Nigeria’s Dangote refinery, Africa’s largest, has increased exports of gasoline and diesel to African countries facing supply pressures and rising fuel costs, its owner Aliko Dangote said during a facility tour on Monday.
The $20 billion refinery on the outskirts of Lagos has shipped 17 gasoline cargoes to other African nations in recent weeks, representing a significant shift from its traditional focus on European and American export markets, according to company officials.
“What I can do is assure Nigerians and most of West Africa, Central Africa, and East Africa, we have the capacity to supply them,” Dangote said during the tour of the 650,000 barrel-per-day facility.
The increased African focus comes as fuel prices have surged across the continent due to global supply chain disruptions and elevated crude oil prices. Brent crude has traded above $85 per barrel in recent weeks, up from around $75 in early 2024.
In Ghana, the National Petroleum Authority raised fuel prices in its latest pricing window, pushing petrol up approximately 12 percent and diesel up roughly 15 percent compared to previous months. Similar increases have been recorded across West and East Africa as regulators adjust to higher import costs.
Kenya’s Cabinet Secretary for Treasury and Economic Planning John Mbadi recently warned that global economic pressures, including volatile energy markets, pose risks to trade and financial stability across the region. “Rising oil prices and potential fuel cost increases create disruptions to supply chains that affect the entire continent,” Mbadi said in a statement last week.
The Dangote refinery’s pivot to African markets addresses long-standing regional fuel supply challenges. Most African countries import the majority of their refined petroleum products, leaving them vulnerable to global price volatility and supply disruptions.
Nigeria’s state oil company, Nigerian National Petroleum Company Limited (NNPCL), has increased crude oil allocations to the Dangote facility to support higher production levels. Industry sources familiar with the arrangements said NNPCL allocated seven crude cargoes for May processing, compared to five in previous months, though company officials declined to confirm specific numbers.
The refinery is also expanding fertilizer exports to African markets. The facility can produce up to 3 million metric tons of urea annually, most of which has traditionally been exported to global markets including the United States and South America.
“In the last couple of weeks, we’ve been looking to mostly African countries, which we were not doing before,” Dangote said, referring to fertilizer shipments. He did not provide specific export figures but said the shift addresses regional agricultural supply needs.

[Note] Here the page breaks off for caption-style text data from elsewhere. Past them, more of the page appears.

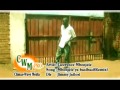 Lawrence Mbenjele Mbenjele Ya Basibasi Rmx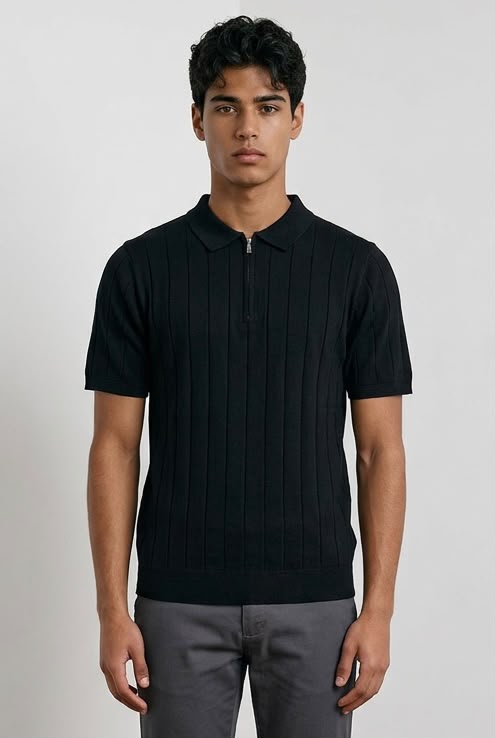 Polo 7046
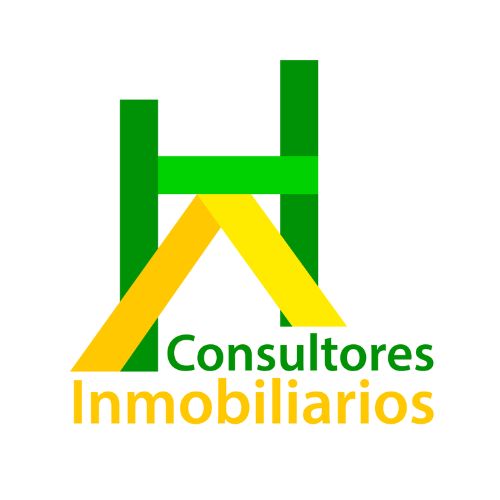 HA Consultores Inmobiliarios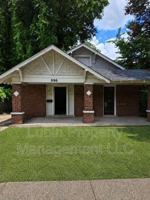 featured image of 698 Semmes St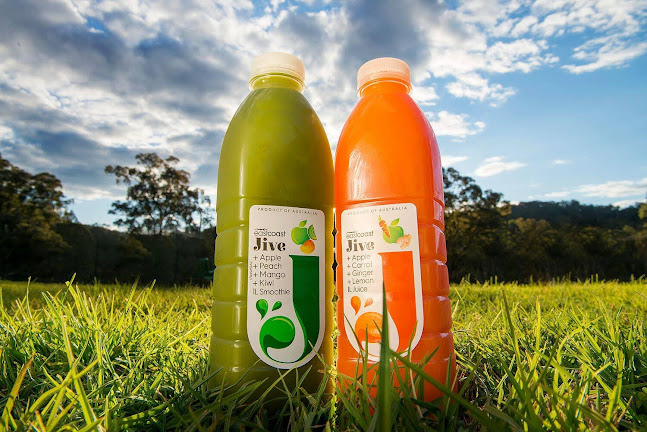 Opinii despre Wyee Nursery Cafe în Sydney - Hospitality and gastronomy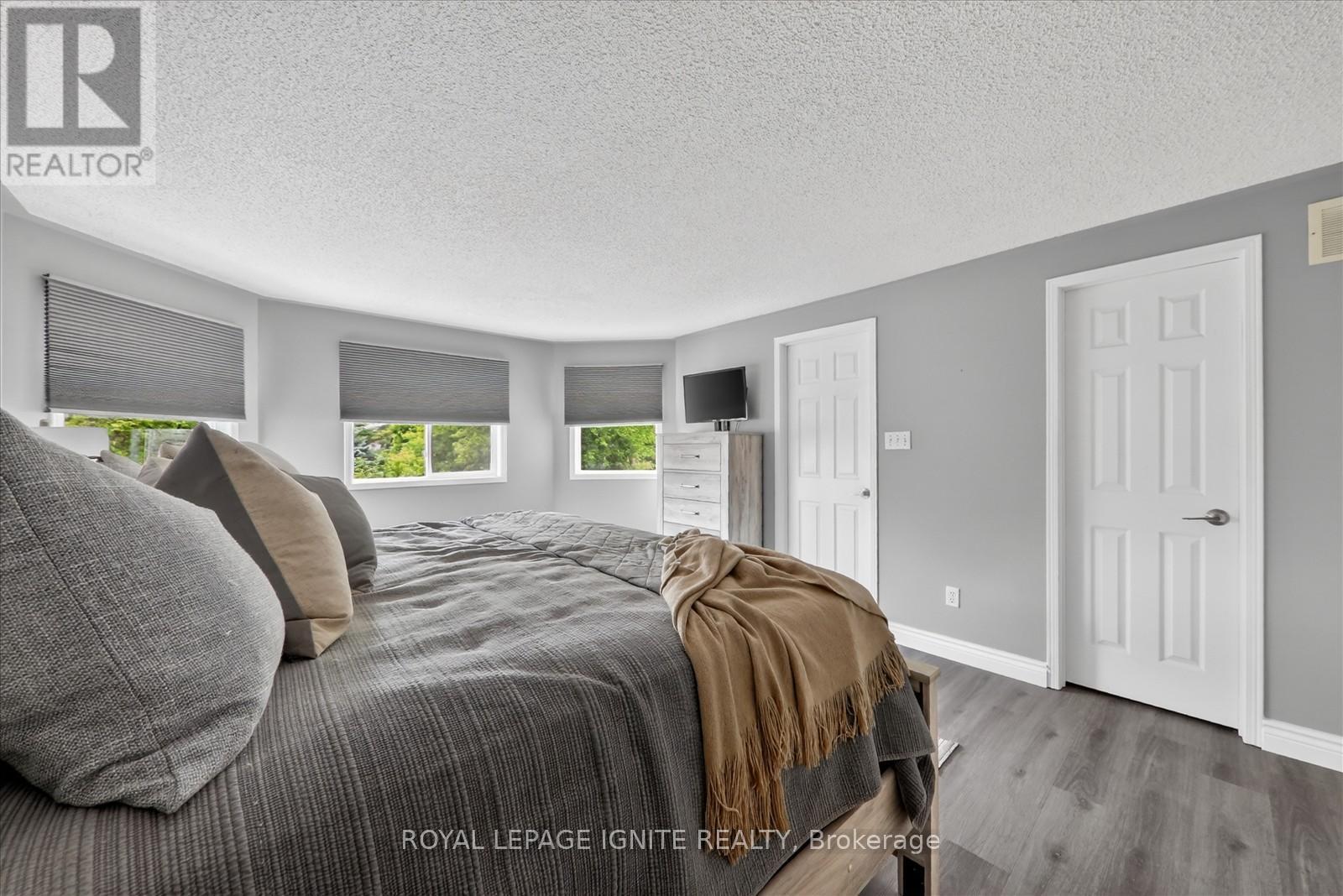 14 Elephant Hill Drive, Clarington, Ontario  L1C 4M5 - Photo 28 - E13414202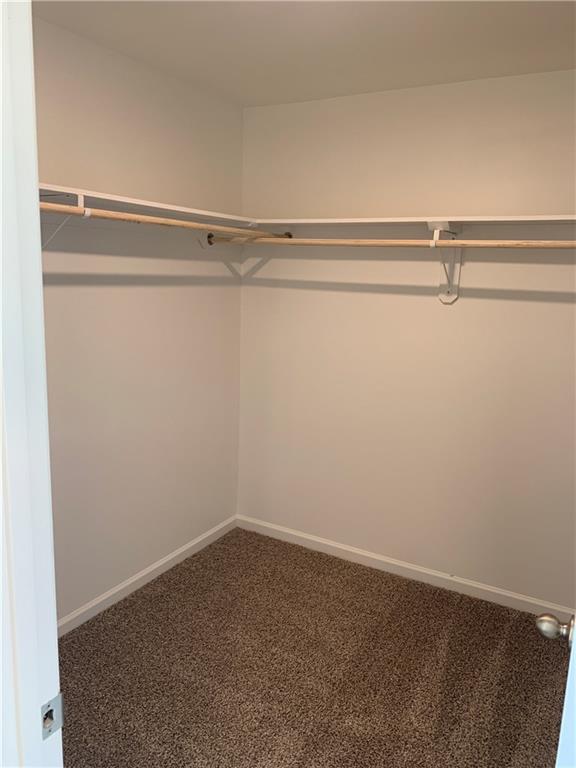 23172 Rosa Boulevard Robert, LA 70455 - Photo 16 of 25 Gallery Image 16
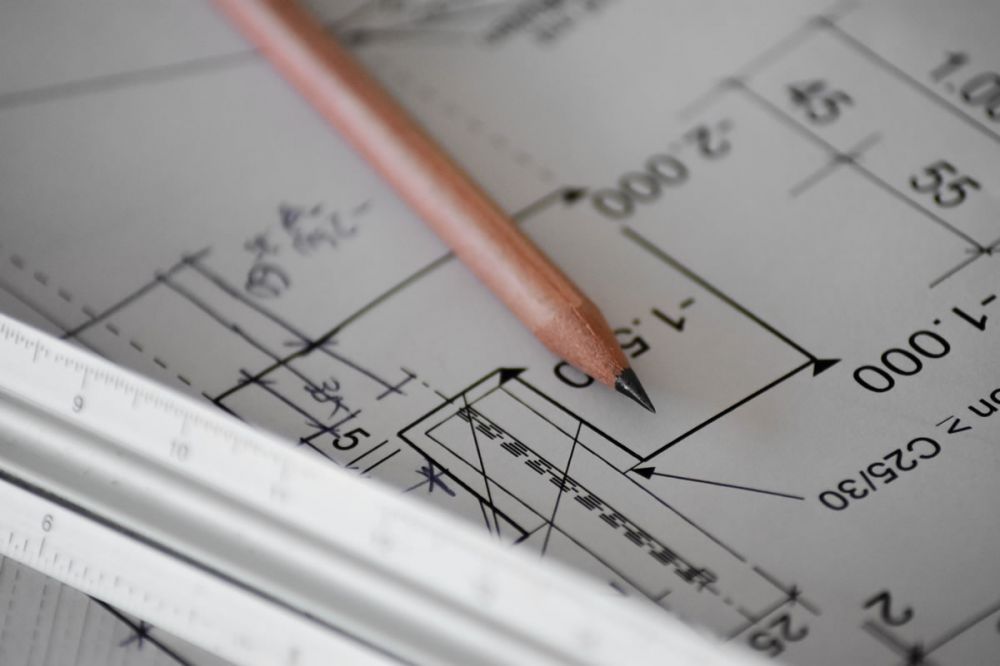Bespoke Design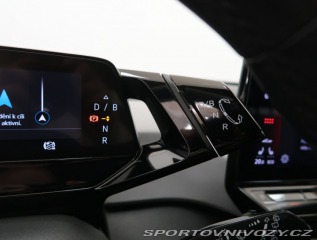 Volkswagen ID.3 1st (62 kWh) 2020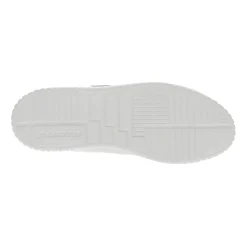 Lotto Venus Amf Ii Glitter W | Damen Sneakers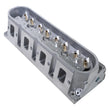 Load image into Gallery viewer, Edelbrock CNC Degree Cylinder Head, 291cc, .220in Int Port, PM Seat fits 2014 2015 Chevrolet Camaro / 2008 2013 Chevrolet ...
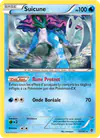 Image de la carte Suicune 20/101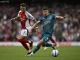 Soi kèo xiên ngày 25/09 Port Vale vs Arsenal, Carabao Cup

United Nations Deputy Secretary-General Amina Mohammed, who visited the facility last month, highlighted the refinery’s potential role in supporting regional energy security. “Facilities like this represent critical infrastructure for addressing Africa’s energy challenges,” Mohammed said during her visit, according to UN officials.
The increased production comes as the Dangote refinery works to reach full operational capacity after beginning commercial operations in early 2024. The facility represents one of Africa’s largest industrial investments and is designed to reduce Nigeria’s dependence on fuel imports.

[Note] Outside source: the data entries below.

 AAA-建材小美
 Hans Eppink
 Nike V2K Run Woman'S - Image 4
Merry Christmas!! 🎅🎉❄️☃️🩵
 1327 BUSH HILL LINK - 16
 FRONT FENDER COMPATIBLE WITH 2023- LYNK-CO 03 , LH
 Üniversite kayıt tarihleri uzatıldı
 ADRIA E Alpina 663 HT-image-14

Despite higher domestic production, Nigeria continues to face fuel supply challenges. Petrol prices at Nigerian filling stations have reached record levels in recent months as the government has reduced fuel subsidies and allowed market-based pricing.
To address domestic pricing pressures, Dangote said the refinery is working to secure more crude oil supplies priced in local currency rather than US dollars. “This would help reduce the impact of exchange rate volatility on our production costs,” he explained.

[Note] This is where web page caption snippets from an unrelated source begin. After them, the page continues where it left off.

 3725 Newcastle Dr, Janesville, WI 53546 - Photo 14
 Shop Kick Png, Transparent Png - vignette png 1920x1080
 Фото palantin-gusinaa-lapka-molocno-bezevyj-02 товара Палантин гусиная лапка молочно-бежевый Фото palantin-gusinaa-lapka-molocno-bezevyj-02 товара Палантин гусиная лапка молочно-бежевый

Industry analysts say the refinery’s focus on African markets could reshape regional energy trade patterns. “The Dangote refinery provides African countries with an alternative to traditional import sources and could improve regional energy security,” said Ayodele Oni, an energy analyst at Lagos-based consultancy Bloomfield Investment Corporation.
However, challenges remain. Transportation costs within Africa can be high due to limited pipeline infrastructure, and many countries still find it more economical to import refined products from established global suppliers.
The facility’s expansion into regional markets comes as African governments increasingly emphasize energy security and reduced dependence on volatile global supply chains. The African Union’s Agenda 2063 development framework identifies energy self-sufficiency as a key continental priority.
Energy-importing economies across Africa continue to face significant fiscal pressures from elevated fuel import costs, according to International Monetary Fund assessments. The fund has warned that sustained high energy prices could undermine economic recovery efforts across the continent.
The Dangote refinery’s increased African exports represent a test case for regional energy integration and could influence future investment in continental refining capacity, industry officials said.